You can also understand this as a breadth wise traversal of the tree.
In level order traversal, each node is visited level-wise in increasing order of levels from left to right.

Algorithm and Code:

• Initialize a queue of Node* type.
• Visit the root and add into queue.
• While traversing that node, add the elements of next level into the queue and pop the previous level.
• Before popping each level , we store the node value into our temp array.
• We push back temp array into our result after every level.

Code:

/**
 * Definition for a binary tree node.
 * struct TreeNode {
 *     int val;
 *     TreeNode *left;
 *     TreeNode *right;
 *     TreeNode() : val(0), left(nullptr), right(nullptr) {}
 *     TreeNode(int x) : val(x), left(nullptr), right(nullptr) {}
 *     TreeNode(int x, TreeNode *left, TreeNode *right) : val(x), left(left), right(right) {}
 * };
 */
class Solution {
public:
    vector<vector<int>> levelOrder(TreeNode* root) {
        vector<vector<int>> res;
        if(root == NULL){
            return res;
        }
        queue<TreeNode*> q;
        q.push(root);
        while(!q.empty()){
            int size = q.size();
            vector<int> temp;
            for(int i = 0;i < size; i++){
                TreeNode *node = q.front();
                q.pop();
                if(node->left != NULL) q.push(node->left);
                if(node->right != NULL) q.push(node->right);
                temp.push_back(node->val);
            }
            res.push_back(temp);
        }
        return res;
    }
};

Vertical Order Traversal

A vertical order traversal is a traversal where we view the binary trees in terms of coloumns.
Left being the most negative , root node being in the coloumn 0 and the right most being the most positive.

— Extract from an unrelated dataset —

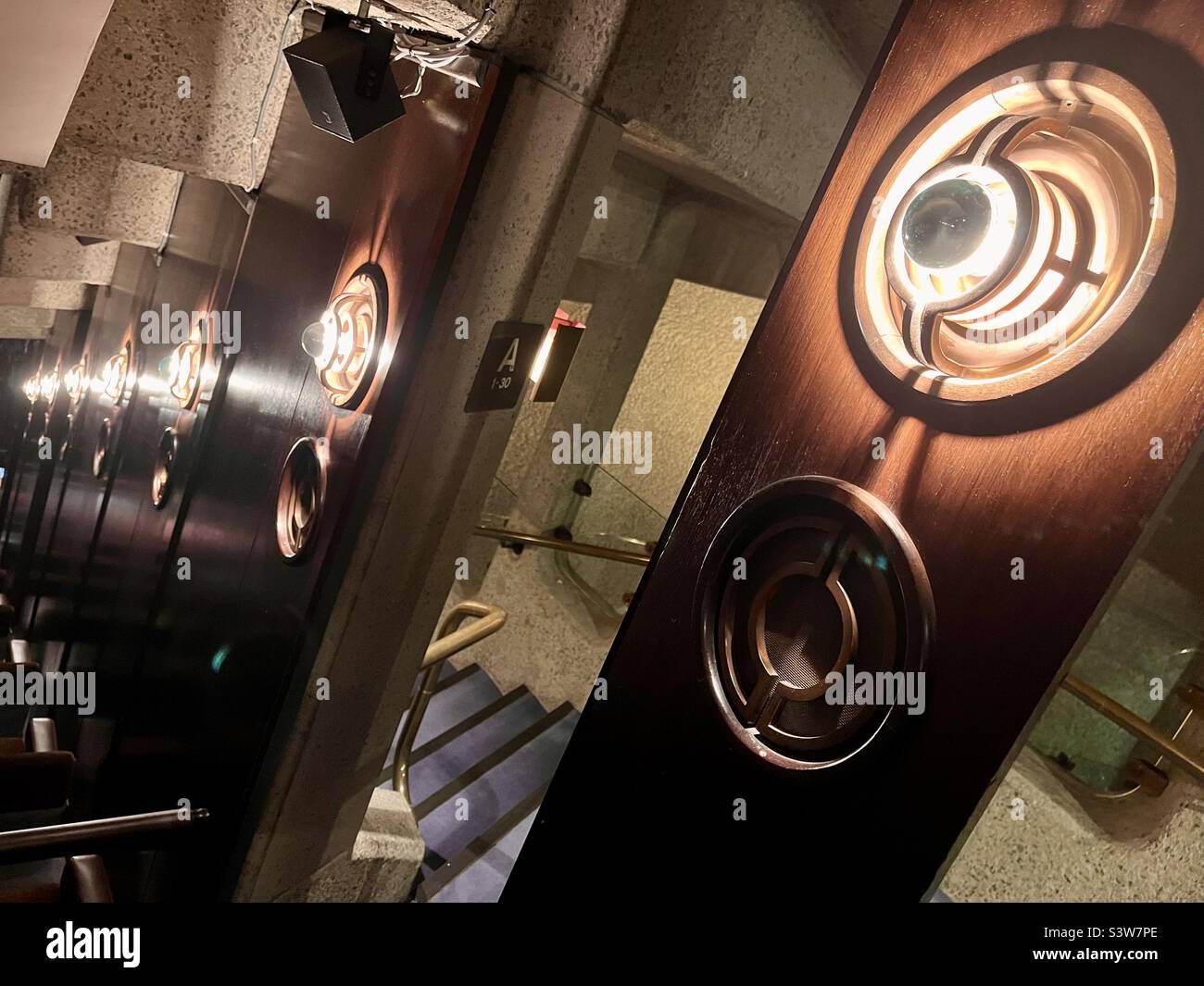 Each row of the Barbican Theatre is accessed by a side door making the theatre aisle free. As the lights dim the doors close in unison - Smartphone Captured Stock Image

The vertical order traversal of a binary tree is a list of top-to-bottom orderings for each column index starting from the leftmost column and ending on the rightmost column. There may be multiple nodes in the same row and same column. In such a case, sort these nodes by their values.

Input: root = [1,2,3,4,5,6,7]
Output: [[4],[2],[1,5,6],[3],[7]]

Algorithm:

• The algorithm uses a map called nodes to store the nodes of the binary tree grouped by their vertical and horizontal positions. The keys of the map are the vertical positions (x), and the values are inner maps, where the keys represent the level (y) of the nodes, and the values are multiset data structures containing the nodes' values at each vertical level.

• To perform the vertical traversal, a queue is initialized, and the root node is enqueued with initial vertical position 0 and level 0.

• The node's value is inserted into the multiset corresponding to its vertical and level positions and update the value of vertical to a positive addition or negative addition on the basis of left or right.

• After the traversal is complete, the nodes map contains the binary tree nodes grouped by their vertical and level positions.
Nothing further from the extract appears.